Meanwhile, back to HKDBH and Teruhisa, Teruhisa made a song for bainite while he was in Cambridge, on a recent visit HKDBH asked him to sing the song again.
Bainite… it’s special… because it’s not Pearlite (or Martensite).
It’s well established that in science we can use Occam’s Razor to decide which is the most likely explanation, that between competing hypotheses that one that requires the lowest number of assumptions should be preferred.
Newton’s flaming laser sword is a philosophical razor coined by Mike Alder in an essay entitled “Newton’s Flaming Laser Sword, Or: Why Mathematicians and Scientists don’t like Philosophy but do it anyway” . To summarise the position that “what cannot be settled by experiment is not worth debating”. It was published in Philosophy Now in May/June 2004. The razor is humorously named after Isaac Newton, as it is inspired by Newtonian thought, Mike characterised this sword as being “much sharper and more dangerous than Occam’s Razor”.

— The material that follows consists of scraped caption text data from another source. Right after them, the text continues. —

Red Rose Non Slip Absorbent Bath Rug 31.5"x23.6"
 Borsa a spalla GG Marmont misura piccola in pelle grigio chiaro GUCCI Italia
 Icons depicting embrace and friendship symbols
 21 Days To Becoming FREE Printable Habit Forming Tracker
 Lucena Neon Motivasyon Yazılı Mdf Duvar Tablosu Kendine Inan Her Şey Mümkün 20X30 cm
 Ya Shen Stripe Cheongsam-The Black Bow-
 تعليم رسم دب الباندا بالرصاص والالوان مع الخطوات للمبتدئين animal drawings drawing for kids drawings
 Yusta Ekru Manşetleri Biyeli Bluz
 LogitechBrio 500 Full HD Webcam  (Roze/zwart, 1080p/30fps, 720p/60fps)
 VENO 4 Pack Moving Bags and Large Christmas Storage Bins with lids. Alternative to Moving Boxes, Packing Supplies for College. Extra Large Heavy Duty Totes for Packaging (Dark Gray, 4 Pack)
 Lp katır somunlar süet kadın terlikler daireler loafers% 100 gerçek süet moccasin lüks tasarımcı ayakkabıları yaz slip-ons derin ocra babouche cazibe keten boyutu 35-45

Newton’s flaming laser sword sounds very useful. It slices, it dices… it might be suggested that such a sword could cut away too much, and prevent one from taking a position on politics or religion. That’s not really true, it would prevent one ever being able to make religious explanations or do other special pleading and claim it was science. In the field of politics it may leave one asking for evidence to support particular political judgements. I don’t think those are bad outcomes. Mike Adler suggests that the flaming sword is a useful tool against Platonic philosophers, who may ask one to engage in an older type of game, than the one usually played by modern science and mathematics.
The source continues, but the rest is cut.